Pewnego dnia na lekcję przyszła Pani z biblioteki i oświadczyła, że Henryk i Helena jeszcze nigdy nie wypożyczyli żadnej książki. Nie przejęli się tym, ponieważ żadne z nich chyba nigdy nie miało książki w ręce, a poza tym wieczorem miała się odbyć szkolna dyskoteka. Po dzwonku na długą przerwę Helena już miała wyjść z klasy, gdy w ostatniej chwili dojrzała pod dużą ławką klucz i dołączoną do niego beżową karteczkę. Jej treść dotyczyła Heleny i Henryka, których tajemniczy nadawca poprosił, aby szli za strzałkami na dyskotece wieczorem i wtedy dowiedzą się, do czego służy złoty przyrząd. Zaciekawione dzieci posłusznie spełniły polecenie. Okazało się, że strzałki prowadziły do drzwi szkolnej biblioteki. Gdy otworzyli drzwi, ich oczom ukazał się duży kufer.
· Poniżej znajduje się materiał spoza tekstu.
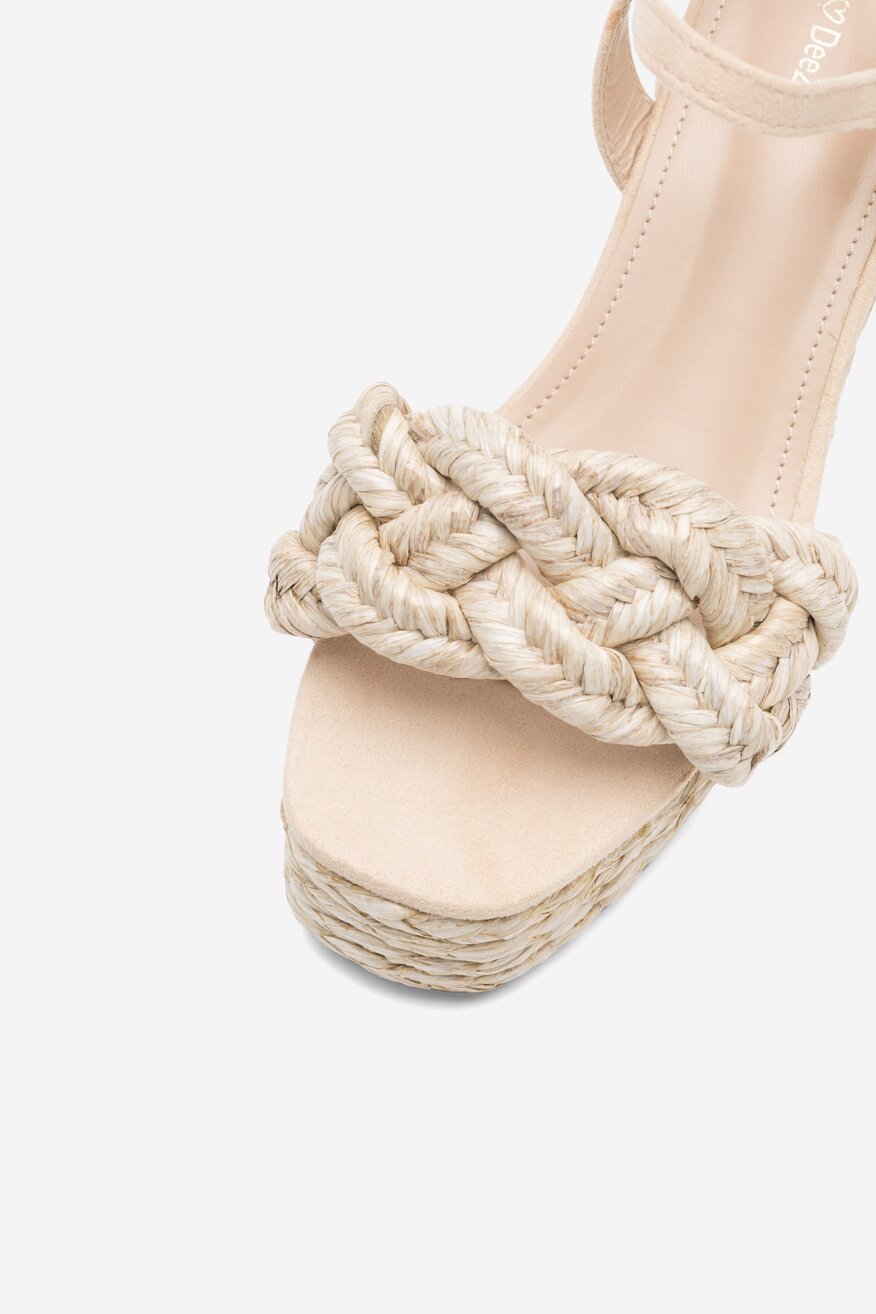 Sandały DeeZee CRAVE KL-E2125-1 Beżowy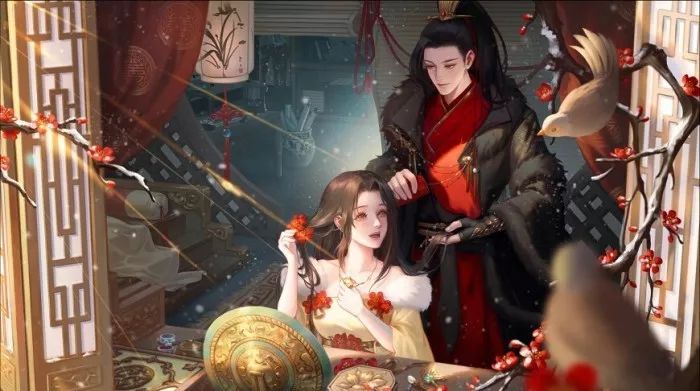 鐢滆湝鐖辨儏鍙ら鎻掔敾,鎻掔敾鍙ら鎰忓鎯呬荆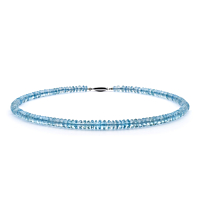 Aquamarine Faceted Bead Necklace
Henryk odchylił jego wieczko i wyleciały z niego… książki! Do stron miały przyczepione skrzydełka i latały, wołając: ,,Nie bójcie się nas! Chcemy was przekonać do tego, że wcale nie jesteśmy aż takie złe. W końcu czytanie rozwija, czytanie wzbogaca!’’ Przerażona Helena, a także Hubert uciekli w podskokach wołając do fruwających książek, że już zawsze będą czytali, tylko aby przestali ich gonić! A Panie bibliotekarki, za dużym regałem, chichotały wesoło myśląc, czy ten podstęp nauczy raz na zawsze hałaśliwych uczniów z klasy szóstej czytać książki.